In his freshman year, Carlson redshirted, and for someone who grew up constantly playing sports, a year without getting playing time in any sport was tough to take.
“By far, my freshman year, my first semester, was the most difficult time here,” Carlson said. “You’re away from home for the first time. It’s going from the high school to the college game. I came in undersized. I was 225 pounds, way undersized, and it’s practicing everyday and not getting to play in the games, adjusting to academic and college life. It was tough.”
Through that difficult first year, Carlson’s family was there to offer advice and help him persevere.
“They just pushed me to keep working hard and do my best,” Carlson said. “That’s kind of been a common theme, do your best. If you’ve done everything you can do, you can’t worry about the results.”
Carlson first saw the field his sophomore season on special teams and as a back-up tight end. During his junior season, he backed up current Dallas Cowboys tight end Anthony Fasano. Carlson caught his first touchdown that season in a 49-28 Notre Dame win at Purdue on Oct. 1, 2005.
Last season, Carlson broke out and garnered national attention for his athleticism and versatility at tight end. In Notre Dame’s home-opening 41-17 win over Penn State on Sept. 9, 2006, Carlson had six catches for 98 yards. Over the course of the season, Carlson helped ease the pressure on receivers Rhema McKnight and Jeff Samardzija by becoming a reliable target for the Irish in the middle of the field.
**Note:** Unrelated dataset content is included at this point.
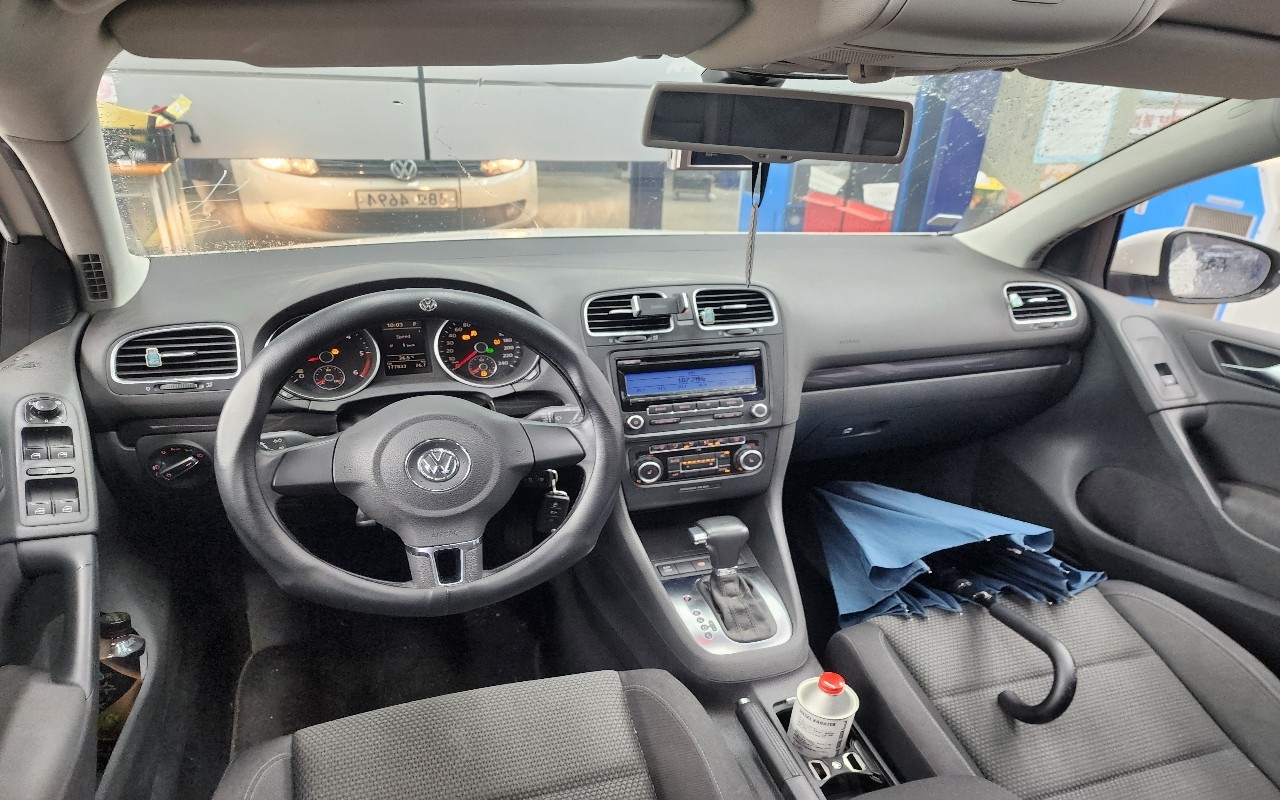 2010 - volkswagen golf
An injury sidelined Carlson for Notre Dame’s final two regular season contests, but Carlson came back for Notre Dame’s 41-14 loss in the Sugar Bowl to LSU.
He then decided to use his final year of eligibility, returning to the Irish and putting off plans to enter the NFL Draft. This season hasn’t gone the way Carlson or any Irish fan hoped it would. But being a captain of a 1-9 team still carries tremendous responsibility – keeping the team from ruining itself from within – and Carlson is proud of the way his teammates have responded to this year’s adversity.
“This team as a whole, going through everything we’ve gone through this year, we’ve never given up,” Carlson said. “We continue to work hard and we haven’t turned on each other. We showed a lot of pride, a lot of character and a lot of resolve. It makes me proud to be a part of this team, a part of this University.”
With his career at Notre Dame winding down, Carlson said he hasn’t had time to look back and evaluate what his years at Notre Dame have taught him. But he said friend and fellow fifth-year senior, center John Sullivan, could tell you how he’s changed as a person.
Sullivan said Carlson has grown up just like the rest of the upperclassmen on the team, but it hasn’t changed the kind of person he is.
“Well, you know he came in and he’s a small town guy and he’s been exposed to a little bigger area. … But I think he’s matured just like the rest of us have,” Sullivan said. “He’s definitely more vocal than when he first came in. I don’t know what that’s due to, but he’s definitely more vocal. He’s just matured a lot as a football player and a person. I don’t know what else to say about him, he’s just a great guy.”
Headed into the final home game of his career, Carlson is focused on beating Duke, but once the game is over, it will be hard to hold back how he feels.
“I know when that clock winds down, it’ll really be an emotional time for me,” Carlson said.